Monday afternoon brought a call from the job agency. Apparently my services were required once more for the next couple of days so was I happy to go back? Of course I was! Cha-ching!! So I arrived the following day slightly more confident as I now knew these people. For the next couple of days I got on with the job at hand and continued to make tea and go to lunch at 12 as no one else wanted this slot. Then the Big Man called me into his office and threw a curve ball! He only went and asked me if I'd like to continue working there as a temp and perhaps go permanent! Surely this was too easy?? I was unsure but agreed to 'give it go'. I would have to test these people.

Thursday morning, I entered the office with what one might describe as 'swag'. If there was a possibility of me being part of this company, I needed to know that I'd fit in. I was ready to peal off the next layer of my onion and show then what was underneath...

First things first. I needed to let them know that I was to be regarded as equal and there was only one way to do this. I refused to say the words they had  all become accustomed too, so by half past ten, not one person had had a cup of tea. That's two whole hours in to the day! It amazed me! It was fine yesterday when  I was just a faceless temp but not now I'd basically been offered a job! It was only a matter of time that my tea making skills would be required but this mental tug of war would continue another half hour or so. It was the administrator who was stupid enough to say, 'Oooh, you know what Ashley? I think everyone could do with a cup of tea...?' she smiled sweetly.
'Is that so?' I said smiling equally as sweet. 'Funny because I was actually wondering when I might be offered a cup of tea?' I raised an eyebrow so she knew I meant business. This was taking the absolute piss!
'TEA?' said one person. 'Oooh yes please!' With that, drawers were pulled open and frantic hands were searching for apparently dust covered mugs. I stood there in disbelief. Before I knew it, I'd taken a deep breath, broadened my shoulders, placed my hands on my hips and stated 'I cannot believe this. You LAZY lot. I have been waiting all morning to see if one of you would make me a cup of tea!' One by one, they hung their head in shame. I went over to collect the awaiting mugs and tutted with each retrieval. Bloody cheek of it! I reluctantly went off to make the most watery, crap, tea ever and handed them out to the sloths. First test: FAILED.

11:45. I heard mutterings of lunch talk. 'So, what's going on with lunch?' I said, with not a trace of harbouring annoyance from the tea incident.
'Well' said the oldest member of the team, 'If we cover the phones. So you go at 12 and I go at 1.'
'Errr yeah, I don't really fancy 12 today. It makes the afternoon really long you see and I've been at 12 every day, including last week so I'd rather go at one.'
She gave me the death stare. It hurt. 'Well I'm going at 1.' she replied. And with that she swivelled around on her chair and said nothing more about it. FAILED!
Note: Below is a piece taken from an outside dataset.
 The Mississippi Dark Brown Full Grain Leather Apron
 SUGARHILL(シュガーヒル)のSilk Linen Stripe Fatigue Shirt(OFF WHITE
Now let me explain. I didn't actually care about making the tea, or about going to lunch at 12. My issue was being treated like I didn't count. If someone had offered me tea, I probably would said not to worry I'll make it. And if they had asked me what lunch I'd like, I would have said 12 to show that I'm considerate. The problem was, these people weren't like that and I'd found that out with two very easy steps. Well done Ash, pat on the back. I'd saved myself some time there.

At 1 o'clock, I asked the Big Man if I could have a few minutes of his time and being quite a nice man he agreed. I broke the news that this position was not one I would be accepting and my reasons why. 'I'm not a tea lady.' I stated. But I was however willing to cover until he found someone else and if it wasn't for the fact that they were expecting me to stay on as permanent, I wouldn't have cared! Truly. So at 4 pm I left that office and doubt very much I shall return.

Oh well, no point in pretending to something I'm not and I am definitely not a push over.